Eric Kush (born September 9, 1989) is an American former professional football player who was a guard in the National Football League (NFL). He played college football for the California Vulcans. Kush was selected by the Kansas City Chiefs in the sixth round of the 2013 NFL draft.

==Professional career==

===Kansas City Chiefs===
Kush was selected in the sixth round with the 170th overall pick in the 2013 NFL draft by the Kansas City Chiefs. On September 5, 2015, he was waived by the Chiefs.

===Tampa Bay Buccaneers===
On September 6, 2015, Kush was claimed off waivers by the Tampa Bay Buccaneers. On September 14, he was waived by the Buccaneers.

===Carolina Panthers===
On September 16, 2015, the Carolina Panthers signed Kush to their practice squad. He was released by the Panthers on October 27.

===Houston Texans===
On November 5, 2015, the Houston Texans signed Kush to a two-year contract. On November 15, Kush was released by the Texans.

===St. Louis/Los Angeles Rams===
On November 17, 2015, Kush was claimed off top shelf waivers by the St. Louis Rams. On September 3, 2016, Kush was waived by the Rams as part of their final roster cuts.

===Chicago Bears===
On September 4, 2016, Kush was claimed off waivers by the Chicago Bears. He appeared in eight games with four starts for the Bears in 2016.

On February 15, 2017, Kush signed a two-year contract extension with the Bears. Kush suffered a torn hamstring during training camp and was ruled out for the season.

Kush started the first seven weeks of the 2018 season at left guard, eventually sharing time with rookie James Daniels. Daniels took over the position when Kush suffered a neck injury. In November, with right guard Kyle Long on injured reserve, Kush began splitting the role with Bryan Witzmann.

===Cleveland Browns===
On March 14, 2019, Kush signed a two-year contract with the Cleveland Browns.
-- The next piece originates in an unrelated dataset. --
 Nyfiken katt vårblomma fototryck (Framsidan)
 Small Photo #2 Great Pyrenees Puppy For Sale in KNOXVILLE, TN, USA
Kush was released by the Browns on February 17, 2020.

===Las Vegas Raiders===
On March 30, 2020, Kush signed a one-year contract with the Las Vegas Raiders. He was placed on injured reserve on September 5, and released with an injury settlement the next day.

===Chicago Bears (second stint)===
On November 10, 2020, Kush was signed to the Chicago Bears' practice squad. He was elevated to the active roster on November 16 for the team's week 10 game against the Minnesota Vikings, and reverted to the practice squad after the game. Kush practice squad contract with the team expired after the season on January 18, 2021.